| Asian Crisis
Japan serious about setting up 'Asian IMF' By Suvendrini Kakuchi
TOKYO - Japan is moving ahead with plans to initiate the establishment of an Asian version of the International Monetary Fund that it hopes will better serve the needs of the region.
Last week, a government task force given tacit approval by Prime Minister Keizo Obuchi announced that it will study the proposal for an Asian Monetary Fund (AMF) which Japan envisions as a regional fund that will help financially strapped Asian countries on a case-to-case basis.
The study team plans to present a proposal for discussion at next year's G-8 annual summit which Japan wants to host.
The Study Group on International Economic and Financial Systems is an advisory body to the foreign minister and has received the backing of the finance ministry.
It is a 20-member team that includes top economists, scholars and businessmen, and is headed by Toyoo Gyoten, a former vice finance minister for international affairs and one of Japan's prominent names in the field of international finance.
The team has agreed that despite concerns voiced by Washington, Japan should be more aggressive in putting forward its policy ideas on financial aid and related issues.
In a report published in Japanese newspapers after its first meeting on Feb. 9, the team said that the current IMF has not been effective in coping with the Asian monetary crisis because it imposed conditions and standards that were too harsh on its recipients.
The IMF also did not take into account the varying development stages of Asian countries.

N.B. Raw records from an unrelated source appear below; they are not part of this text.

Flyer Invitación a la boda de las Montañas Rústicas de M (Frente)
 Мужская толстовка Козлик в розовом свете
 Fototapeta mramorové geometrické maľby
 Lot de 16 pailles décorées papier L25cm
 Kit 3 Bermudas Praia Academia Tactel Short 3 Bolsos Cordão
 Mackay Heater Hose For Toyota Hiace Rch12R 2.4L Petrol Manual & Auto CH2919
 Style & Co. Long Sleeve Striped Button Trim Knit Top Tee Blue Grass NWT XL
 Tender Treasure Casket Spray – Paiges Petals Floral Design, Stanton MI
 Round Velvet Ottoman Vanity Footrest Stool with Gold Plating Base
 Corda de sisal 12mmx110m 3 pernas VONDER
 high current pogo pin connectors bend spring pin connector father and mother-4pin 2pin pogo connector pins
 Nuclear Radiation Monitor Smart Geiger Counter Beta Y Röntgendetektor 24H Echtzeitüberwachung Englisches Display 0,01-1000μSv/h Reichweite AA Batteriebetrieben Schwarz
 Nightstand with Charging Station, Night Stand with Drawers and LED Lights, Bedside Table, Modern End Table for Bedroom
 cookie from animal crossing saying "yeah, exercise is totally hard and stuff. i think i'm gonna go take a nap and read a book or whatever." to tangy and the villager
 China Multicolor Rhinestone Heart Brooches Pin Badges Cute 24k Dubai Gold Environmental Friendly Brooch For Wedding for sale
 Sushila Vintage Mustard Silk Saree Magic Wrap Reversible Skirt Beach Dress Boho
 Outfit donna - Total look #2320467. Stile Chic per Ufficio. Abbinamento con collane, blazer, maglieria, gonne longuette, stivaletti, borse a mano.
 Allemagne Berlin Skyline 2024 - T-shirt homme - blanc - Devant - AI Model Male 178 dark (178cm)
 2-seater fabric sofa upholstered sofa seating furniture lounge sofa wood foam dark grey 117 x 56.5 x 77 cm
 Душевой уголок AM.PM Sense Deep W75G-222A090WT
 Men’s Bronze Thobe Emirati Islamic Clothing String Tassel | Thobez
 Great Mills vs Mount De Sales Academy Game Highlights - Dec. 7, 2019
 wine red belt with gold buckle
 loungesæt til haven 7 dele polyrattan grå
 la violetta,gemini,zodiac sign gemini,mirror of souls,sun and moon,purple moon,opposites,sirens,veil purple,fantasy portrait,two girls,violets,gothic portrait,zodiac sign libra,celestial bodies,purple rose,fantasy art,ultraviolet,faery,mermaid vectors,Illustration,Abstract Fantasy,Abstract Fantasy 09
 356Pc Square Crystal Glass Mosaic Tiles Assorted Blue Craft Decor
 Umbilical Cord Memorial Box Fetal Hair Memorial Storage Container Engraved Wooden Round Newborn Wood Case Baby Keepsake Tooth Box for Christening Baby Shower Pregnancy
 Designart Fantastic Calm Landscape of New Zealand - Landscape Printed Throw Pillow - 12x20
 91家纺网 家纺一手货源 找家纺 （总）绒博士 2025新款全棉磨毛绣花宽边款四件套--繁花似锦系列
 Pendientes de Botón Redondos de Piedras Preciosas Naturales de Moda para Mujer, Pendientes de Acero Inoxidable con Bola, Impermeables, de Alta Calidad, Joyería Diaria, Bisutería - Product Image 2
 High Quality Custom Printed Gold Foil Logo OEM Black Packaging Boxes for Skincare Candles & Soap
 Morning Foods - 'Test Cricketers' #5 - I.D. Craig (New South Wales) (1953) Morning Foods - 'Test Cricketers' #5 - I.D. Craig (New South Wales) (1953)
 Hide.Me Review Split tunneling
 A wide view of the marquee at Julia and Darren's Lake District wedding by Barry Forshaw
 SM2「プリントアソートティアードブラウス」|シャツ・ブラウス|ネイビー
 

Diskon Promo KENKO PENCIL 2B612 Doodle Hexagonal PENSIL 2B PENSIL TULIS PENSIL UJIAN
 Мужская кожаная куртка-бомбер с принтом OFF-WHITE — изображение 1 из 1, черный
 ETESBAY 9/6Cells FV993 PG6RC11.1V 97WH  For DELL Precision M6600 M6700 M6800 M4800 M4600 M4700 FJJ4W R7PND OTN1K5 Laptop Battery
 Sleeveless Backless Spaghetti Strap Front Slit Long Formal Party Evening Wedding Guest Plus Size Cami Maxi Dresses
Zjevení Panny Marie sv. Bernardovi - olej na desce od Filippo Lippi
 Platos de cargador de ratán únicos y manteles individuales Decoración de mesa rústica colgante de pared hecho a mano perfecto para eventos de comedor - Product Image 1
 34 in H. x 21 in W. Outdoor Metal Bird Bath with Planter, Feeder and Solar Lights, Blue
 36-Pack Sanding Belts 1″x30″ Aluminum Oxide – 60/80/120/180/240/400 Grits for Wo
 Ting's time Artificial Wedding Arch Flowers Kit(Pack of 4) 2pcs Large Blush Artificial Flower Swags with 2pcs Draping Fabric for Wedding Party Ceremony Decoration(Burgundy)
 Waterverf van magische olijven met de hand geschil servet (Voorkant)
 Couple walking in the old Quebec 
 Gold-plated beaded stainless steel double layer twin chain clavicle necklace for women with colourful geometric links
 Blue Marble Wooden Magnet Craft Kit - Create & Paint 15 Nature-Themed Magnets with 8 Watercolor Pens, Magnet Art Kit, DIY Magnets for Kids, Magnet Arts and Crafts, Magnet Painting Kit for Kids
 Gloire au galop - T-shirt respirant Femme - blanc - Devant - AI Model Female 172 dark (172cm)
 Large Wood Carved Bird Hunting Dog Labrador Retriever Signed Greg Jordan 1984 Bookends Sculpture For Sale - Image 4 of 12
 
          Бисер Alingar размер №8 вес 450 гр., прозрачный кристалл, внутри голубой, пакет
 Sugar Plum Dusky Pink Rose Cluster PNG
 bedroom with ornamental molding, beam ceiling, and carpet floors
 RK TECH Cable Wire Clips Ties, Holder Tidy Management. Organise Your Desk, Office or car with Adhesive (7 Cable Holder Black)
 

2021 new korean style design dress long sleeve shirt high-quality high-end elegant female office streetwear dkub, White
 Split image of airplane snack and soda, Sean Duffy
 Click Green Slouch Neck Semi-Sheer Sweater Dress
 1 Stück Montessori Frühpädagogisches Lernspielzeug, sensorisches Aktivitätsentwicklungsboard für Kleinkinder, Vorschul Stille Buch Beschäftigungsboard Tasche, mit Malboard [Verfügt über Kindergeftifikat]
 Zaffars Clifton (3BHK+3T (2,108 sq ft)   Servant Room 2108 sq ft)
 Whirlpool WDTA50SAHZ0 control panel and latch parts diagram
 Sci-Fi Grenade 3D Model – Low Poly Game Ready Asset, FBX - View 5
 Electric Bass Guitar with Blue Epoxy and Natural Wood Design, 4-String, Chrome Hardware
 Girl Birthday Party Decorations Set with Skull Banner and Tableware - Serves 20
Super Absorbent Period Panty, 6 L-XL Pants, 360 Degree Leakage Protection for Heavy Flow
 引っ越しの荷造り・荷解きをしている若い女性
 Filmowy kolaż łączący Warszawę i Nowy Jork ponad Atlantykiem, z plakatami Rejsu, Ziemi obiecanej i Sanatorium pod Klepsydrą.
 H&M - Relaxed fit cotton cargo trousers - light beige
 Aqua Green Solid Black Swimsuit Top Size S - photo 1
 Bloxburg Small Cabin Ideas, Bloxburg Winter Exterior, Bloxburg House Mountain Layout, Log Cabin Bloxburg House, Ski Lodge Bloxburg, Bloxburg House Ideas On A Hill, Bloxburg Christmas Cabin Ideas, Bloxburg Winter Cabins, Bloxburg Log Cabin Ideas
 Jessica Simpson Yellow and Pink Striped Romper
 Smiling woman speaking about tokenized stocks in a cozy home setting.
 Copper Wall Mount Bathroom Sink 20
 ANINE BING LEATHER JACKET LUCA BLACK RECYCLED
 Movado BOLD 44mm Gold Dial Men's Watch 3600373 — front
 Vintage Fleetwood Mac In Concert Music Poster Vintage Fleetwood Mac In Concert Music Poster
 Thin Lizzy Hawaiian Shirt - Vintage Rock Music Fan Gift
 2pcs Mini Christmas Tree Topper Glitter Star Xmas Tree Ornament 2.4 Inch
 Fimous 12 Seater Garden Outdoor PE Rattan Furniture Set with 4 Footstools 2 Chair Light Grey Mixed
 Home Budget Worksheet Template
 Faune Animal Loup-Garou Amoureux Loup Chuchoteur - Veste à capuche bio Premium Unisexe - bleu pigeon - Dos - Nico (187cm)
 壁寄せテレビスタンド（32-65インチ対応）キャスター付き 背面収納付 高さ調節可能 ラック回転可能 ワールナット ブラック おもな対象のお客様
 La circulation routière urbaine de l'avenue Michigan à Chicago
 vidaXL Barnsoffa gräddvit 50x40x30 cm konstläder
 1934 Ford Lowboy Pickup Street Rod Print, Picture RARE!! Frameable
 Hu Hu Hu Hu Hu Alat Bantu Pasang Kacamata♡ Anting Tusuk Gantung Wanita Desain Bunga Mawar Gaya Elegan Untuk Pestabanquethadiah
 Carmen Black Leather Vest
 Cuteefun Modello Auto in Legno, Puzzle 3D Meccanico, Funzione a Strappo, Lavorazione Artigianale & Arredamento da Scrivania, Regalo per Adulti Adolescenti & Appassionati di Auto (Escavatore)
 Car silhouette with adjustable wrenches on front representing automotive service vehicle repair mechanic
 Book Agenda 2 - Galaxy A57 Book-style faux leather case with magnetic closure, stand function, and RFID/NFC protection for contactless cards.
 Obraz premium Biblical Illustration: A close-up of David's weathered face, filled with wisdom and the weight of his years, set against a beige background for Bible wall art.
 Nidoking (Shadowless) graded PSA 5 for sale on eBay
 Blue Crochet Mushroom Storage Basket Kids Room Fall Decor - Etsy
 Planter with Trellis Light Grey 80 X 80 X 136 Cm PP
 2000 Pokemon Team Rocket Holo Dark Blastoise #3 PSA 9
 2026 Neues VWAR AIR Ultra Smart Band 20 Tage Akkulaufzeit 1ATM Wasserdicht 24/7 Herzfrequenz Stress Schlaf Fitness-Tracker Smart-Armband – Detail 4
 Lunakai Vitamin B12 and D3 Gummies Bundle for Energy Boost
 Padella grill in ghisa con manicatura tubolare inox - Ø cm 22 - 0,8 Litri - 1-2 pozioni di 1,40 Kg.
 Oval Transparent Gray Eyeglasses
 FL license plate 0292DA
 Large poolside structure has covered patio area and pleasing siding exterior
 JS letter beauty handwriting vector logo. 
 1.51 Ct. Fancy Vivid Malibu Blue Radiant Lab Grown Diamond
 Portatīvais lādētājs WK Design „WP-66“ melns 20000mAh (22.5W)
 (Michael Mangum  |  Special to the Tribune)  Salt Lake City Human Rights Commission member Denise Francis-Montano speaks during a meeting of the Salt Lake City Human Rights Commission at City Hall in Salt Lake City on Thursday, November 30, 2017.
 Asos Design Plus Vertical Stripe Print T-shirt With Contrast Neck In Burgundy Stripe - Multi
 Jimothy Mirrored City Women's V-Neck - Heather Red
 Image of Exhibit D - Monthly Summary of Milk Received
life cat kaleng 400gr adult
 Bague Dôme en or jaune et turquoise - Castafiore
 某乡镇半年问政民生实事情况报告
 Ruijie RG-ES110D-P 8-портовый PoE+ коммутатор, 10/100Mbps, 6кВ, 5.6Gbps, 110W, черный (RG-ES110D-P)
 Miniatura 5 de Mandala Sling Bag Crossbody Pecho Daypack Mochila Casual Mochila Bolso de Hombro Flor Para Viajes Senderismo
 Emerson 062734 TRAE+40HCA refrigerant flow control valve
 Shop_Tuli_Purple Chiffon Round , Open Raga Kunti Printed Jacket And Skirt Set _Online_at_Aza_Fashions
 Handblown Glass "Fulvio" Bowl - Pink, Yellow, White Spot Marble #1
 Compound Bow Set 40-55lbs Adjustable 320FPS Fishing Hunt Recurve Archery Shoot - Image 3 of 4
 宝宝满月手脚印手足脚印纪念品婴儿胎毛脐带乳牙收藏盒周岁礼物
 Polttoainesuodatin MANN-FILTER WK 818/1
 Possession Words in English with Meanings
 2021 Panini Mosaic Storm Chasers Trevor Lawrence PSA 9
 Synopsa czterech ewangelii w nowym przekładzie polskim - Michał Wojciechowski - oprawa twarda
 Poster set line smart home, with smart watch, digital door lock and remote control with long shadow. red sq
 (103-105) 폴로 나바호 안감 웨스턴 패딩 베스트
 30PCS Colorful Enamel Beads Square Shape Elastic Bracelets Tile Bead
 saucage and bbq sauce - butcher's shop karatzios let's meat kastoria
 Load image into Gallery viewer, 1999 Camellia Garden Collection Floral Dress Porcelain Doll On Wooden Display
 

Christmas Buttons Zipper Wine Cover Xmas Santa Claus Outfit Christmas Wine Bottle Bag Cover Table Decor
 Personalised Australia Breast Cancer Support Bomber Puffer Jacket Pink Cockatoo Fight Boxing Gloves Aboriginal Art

''What we are trying to help establish is a new international economic system that takes into account perspectives of Asian nations and developing nations,'' a foreign ministry official explained.
He said the strict fiscal policy imposed by the IMF has burdened Asian countries that are aid-dependent. In contrast, Japan wants the new AMF to take into account political and socio- economic differences in each country before conditions for lending are introduced.
Analysts in Tokyo say that while the AMF concept has sparked interest in the region, there are many obstacles in the way that Japan must first hurdle in order to ensure smooth working of the proposed organization.
''Taking into account an Asian perspective and the different needs of the many countries that depend on international aid is going to be popular. But the huge problem is how to make this work,'' says Kozo Kamimune, an economist and expert on international finance at the Institute of Developing Economies.
Indeed, the notion of starting an AMF, which follows the idea of an Asian Fund for crisis-struck Asia that was proposed and abandoned by Tokyo in 1997, remains a loose concept, one which the Japanese government seems to be struggling to define.
''The development of a framework that aims to consider each country's needs is a lofty idea but not really workable unless everybody, including the United States, makes a commitment to make it work,'' argues Kamimune.
He says Japan must consult closely with Washington and other developed nations as ''investors in Western industrialised countries are responsible for the movements in financial trading that affect Asian economies."
And as Asian countries rally around the proposal for an AMF, Tokyo finds the proposal all the more irresistible.
Last week, visiting Thai senator Virabongsa Ramangkura told a Japanese business audience that the AMF might offer more funds and help economic recovery better than the IMF.
Experts explain that the AMF could be the springboard for Japan to develop and cement its ties with Asia as Tokyo tries hard to wean itself away from the more politically charged economic relations with the United States.
Japan's ever-increasing trade surplus with the United States, its top trading partner, is an issue that has long threatened their bilateral relations.
Currently Tokyo and Washington are at loggerheads over Japan's steel exports, which are being blamed for the loss of jobs of many Americans.
A proposal now gaining international attention is a possible free- trade pact between Japan and South Korea that could be expanded to other Asian countries.
While experts say this will take time, the proposal itself illustrates Tokyo's improving relationss with a country that has not totally forgotten the horrors of Japan's colonial rule.
Professor Toshio Watanabe of the Tokyo Institute of Technology, a well-known commentator on Asia's financial woes, also explains that the move by the government of Malaysian Prime Minister Mahathir Mohamad to impose restrictions on currency trading could be suggestive of the sort of actions that might occur in the future.
''Mr. Mahathir's decision accelerates the drive for creating a regional framework,'' Watanabe says, explaining that the recent European monetary integration is more political than economic in nature and has put pressure on Asian countries to consider working together.
''With the ongoing currency crisis, American capitalism and American standards have been questioned,'' Watanabe said in a recent media interview.
Kamimune adds that ''Japan has the funds to make the AMF work. But the real test is to make sure the AMF does not leave the Americans out,'' he says. ''The AMF must not signal protectionism at any cost."